Captioned web image data:
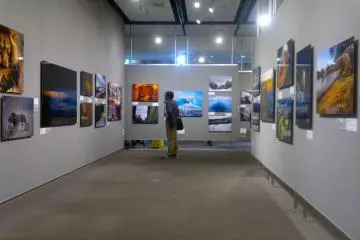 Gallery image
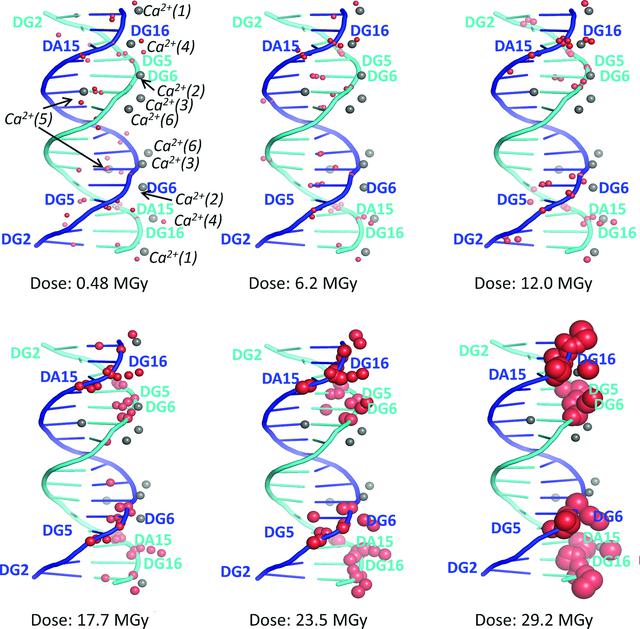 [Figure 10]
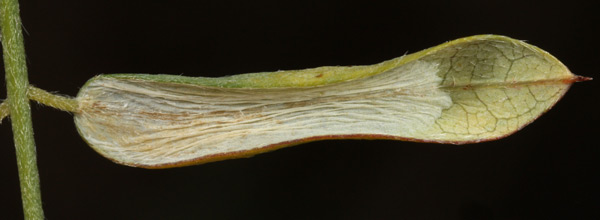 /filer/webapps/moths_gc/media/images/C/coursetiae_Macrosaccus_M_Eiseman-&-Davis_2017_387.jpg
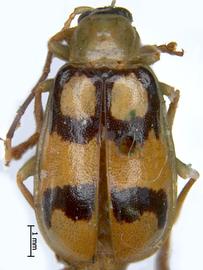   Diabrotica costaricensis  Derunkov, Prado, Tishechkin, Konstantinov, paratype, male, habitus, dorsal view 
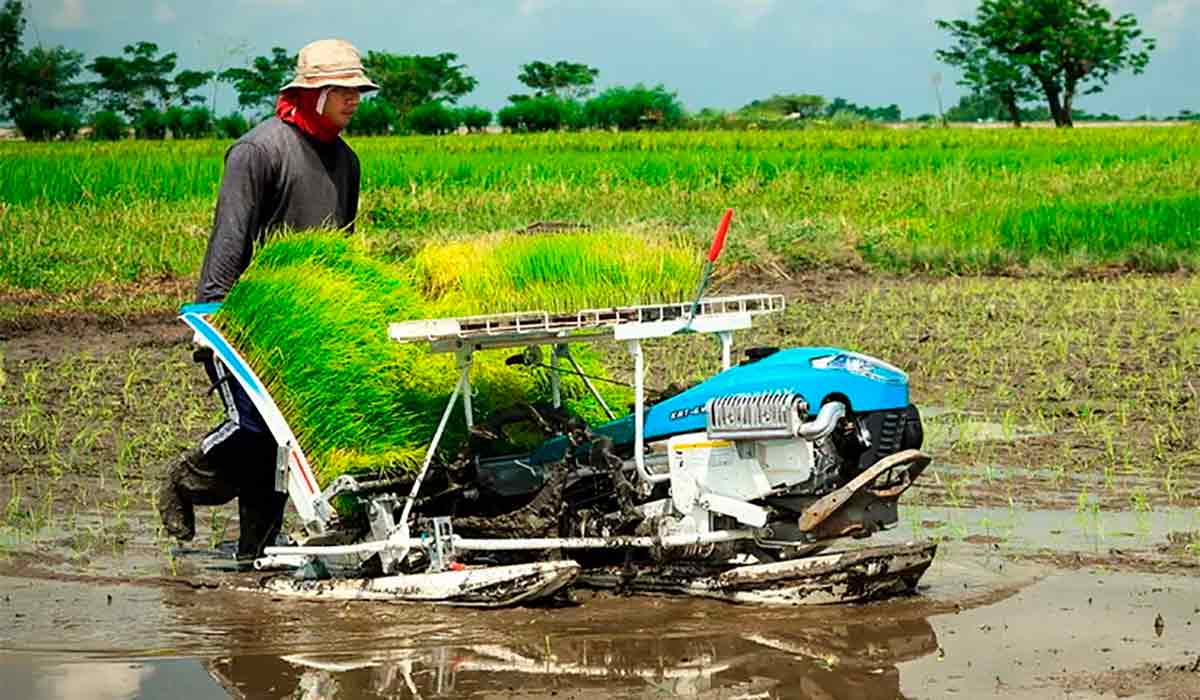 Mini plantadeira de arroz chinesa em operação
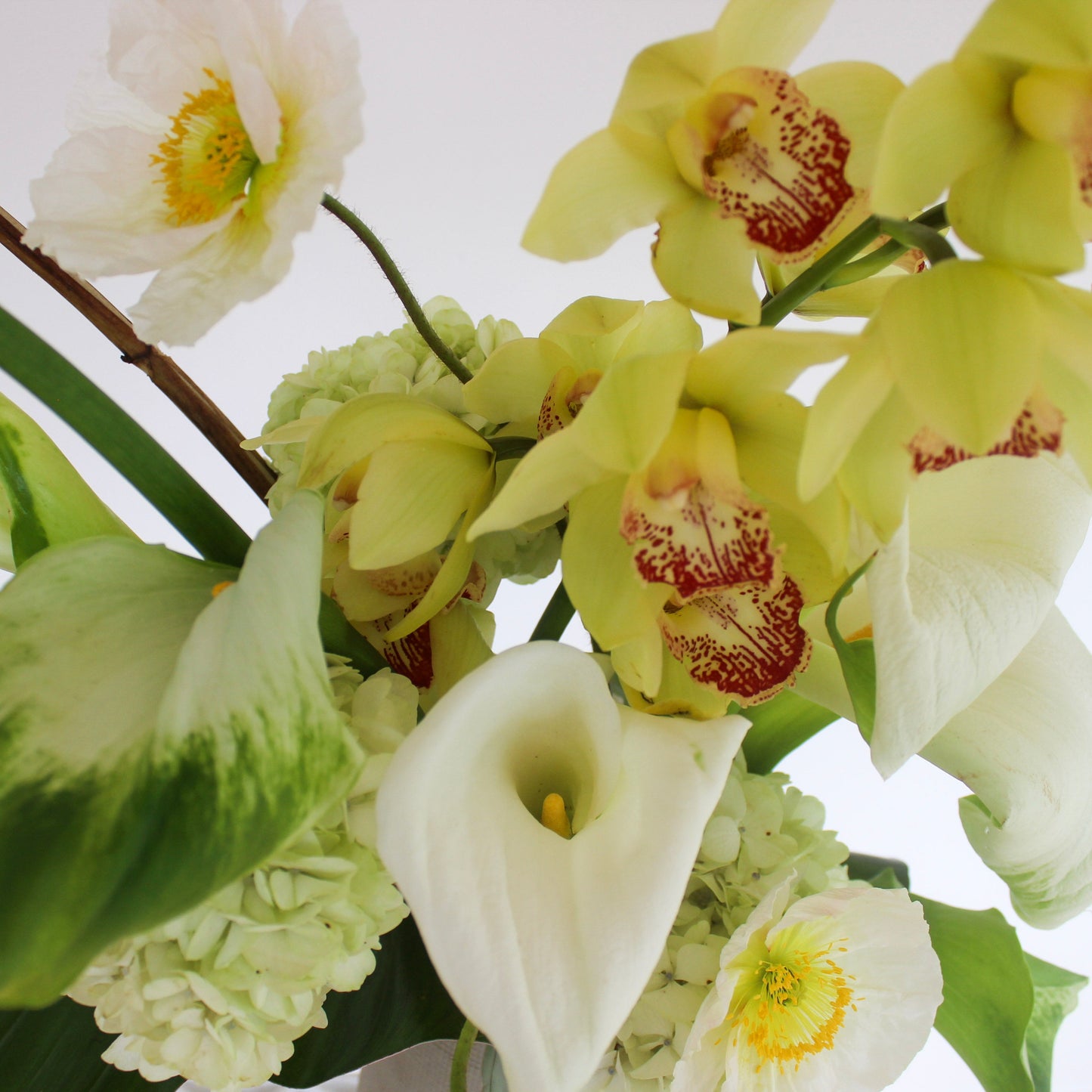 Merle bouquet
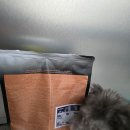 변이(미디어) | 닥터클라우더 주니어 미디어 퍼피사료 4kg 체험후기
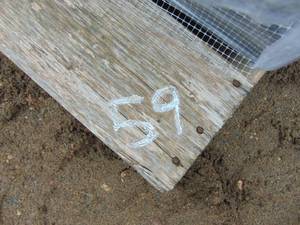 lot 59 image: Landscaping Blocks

• _WHAT YOU WILL DO_
Without the pictures, copy out each entry exactly as it stands.

• _FINAL ANSWER_
 Gallery image
 [Figure 10]
 /filer/webapps/moths_gc/media/images/C/coursetiae_Macrosaccus_M_Eiseman-&-Davis_2017_387.jpg
   Diabrotica costaricensis  Derunkov, Prado, Tishechkin, Konstantinov, paratype, male, habitus, dorsal view 
 Mini plantadeira de arroz chinesa em operação
 Merle bouquet
 변이(미디어) | 닥터클라우더 주니어 미디어 퍼피사료 4kg 체험후기
 lot 59 image: Landscaping Blocks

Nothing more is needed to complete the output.